CBLA-FM
- Toronto, Ontario; Canada;
- Broadcast area: Golden Horseshoe
- Frequency: 99.1 MHz (HD Radio)

Programming
- Language: English
- Format: Public radio/News/Talk
- Subchannels: HD2: CBL-FM simulcast
- Network: CBC Radio One

Ownership
- Owner: Canadian Broadcasting Corporation
- Sister stations: CBL-FM, CJBC, CJBC-FM, CBLT-DT, CBLFT-DT

History
- First air date: March 5, 1928
- Former call signs: CKGW (1928–1932); CRCT (1932–1937); CBL (1937–1999);
- Former frequencies: 910 kHz (1928–1929); 690 kHz (1929); 960 kHz (1929–1931, 1933-1934); 840 kHz (1931–1933, 1934-1941); 740 kHz (1941–1999);
- Call sign meaning: Canadian Broadcasting Corporation Great Lakes A

Technical information
- Licensing authority: CRTC
- Class: C1
- ERP: 55,100 watts (average) 98,000 watts (peak)
- HAAT: 303.7 metres (996 ft)

Links
- Webcast: Listen live
- Website: CBC Toronto

= CBLA-FM =

CBC Radio One station in Toronto, Canada

CBLA-FM (99.1 MHz) is a non-commercial radio station in Toronto, Ontario, Canada. Owned and operated by the Canadian Broadcasting Corporation, the station is the flagship station of the CBC Radio One network, broadcasting a mix of news and talk. In addition to the Toronto market, CBLA also reaches much of Central Ontario with a network of twelve rebroadcasters. The studios are in the Canadian Broadcasting Centre.
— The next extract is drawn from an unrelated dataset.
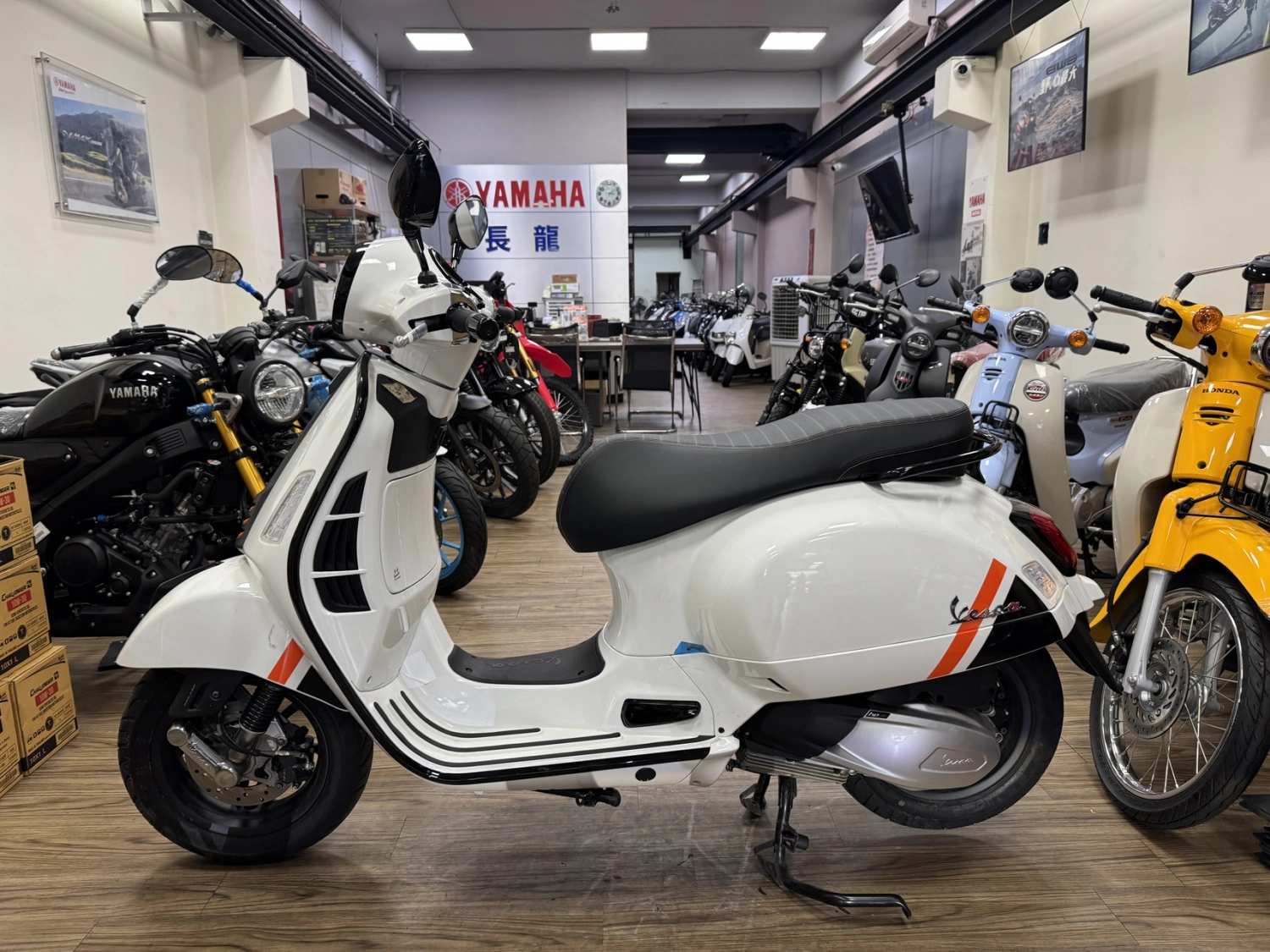 Vespa/偉士牌 GTS 300 Keyless 2023款 車輛照片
CBLA-FM has an average effective radiated power (ERP) of 55,100 watts, peaking at 98,000 watts. The transmitter is atop First Canadian Place, at King and Bay Streets. It uses a directional antenna to avoid interference with stations in the U.S. Besides a standard analog transmission, CBLA streams its programming online.

== History ==
=== CKGW and CBL ===
CBLA's origins date back to March 5, 1928. That was the official sign on of CKGW at 910 AM, a commercial station owned by Gooderham and Worts, with studios at the King Edward Hotel. However, Gooderham & Worts had been operating the station on an experimental basis from as early as 1925.

Due to the instability of frequency allocations in North America at the time, the station's frequency changed several times over the next number of years, to 960, 690 and finally clear channel 840.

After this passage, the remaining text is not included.